Les jours se suivent


et divergent légèrement

et ce jour fut obstinément blanc ou gris, avec une fraîcheur humide


comme hier suis allée à Rosmerta pour le jeune (enfin pas comme mes jeunes amis, lui à 25 ou 27 ans) afghan mais cette fois nous avons pu travailler (beaucoup à faire, plus qu'annoncé) un moment


suis repartie avec Mamadou, lui pour s'acheter un sandwich (le cuisinier du jour ne devait pas être à son goût...), moi pour profiter du petit marchant et légumes locaux et ce firent des rires comme hier, le plaisir de retrouvailles et un rendez-vous pris pour le soir de la rentrée, mardi


mais ce fut aussi ensuite la rencontre d'un qui s'est mis au bord de la poubelle et pour lequel je ne pouvaus rien..., me sentais mal en rentrant, et ne m'accordait pas le droit de l'être à sa place...



ai ouvert, sur mon kobo, « jusqu'à très loin » de Romain Fustier https://www.publie.net/livre/jusqua-tres-loin-romain-fustier/ ainsi présenté sur le site de publie.net : Un poème en prose à la façon d’un journal, pour dire les lieux que l’on conserve en soi, ces condensés de temps et d’espace, des départs, des voyages car le regard y est mieux aiguisé – dans cet ailleurs, ce qui fait l’éclat d’un amour, d’un geste, d’une parole subtilement s’accroche.

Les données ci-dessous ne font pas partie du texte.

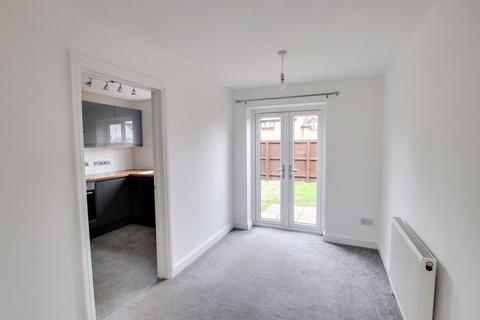 undefined, Ashleigh Grove, Trowbridge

Et m'y suis plongée jusqu'à la page 42

« ma petite fille me fait savoir je veux tremper mes mains dans l’eau – et elle accomplit ce qu’elle annonçait plongeant ses doigts dans cette métaphore – ce lac qui est forcément un miroir elle agite sa surface de cliché – toute entière à la gaieté de cette immersion à sa fabrique de frais – dans cet endroit boisé près du rocher d’escalade elle a observé les alpinistes qui s’entraînaient – contourné la masse liquide son inévitable transparence – y est revenue traversant la route – fêlant de ses phalanges cette image son reflet trop poli »


mardi, mars 02, 2021

Lundi, reprise


Matin, me servir de mes nerfs légèrement agacés pour faire l'argenterie (imparfaitement)  depuis longtemps oubliée -- 

déjeuner rapide pour m'en aller vers deux heures et quart dans


un air de printemps

aillé d'un reste de frais

sous la plaque bleue


dans la beauté de la ville, dans son abandon qu'accentue le Covid, vers mon rendez-vous avec le jeune afghan... 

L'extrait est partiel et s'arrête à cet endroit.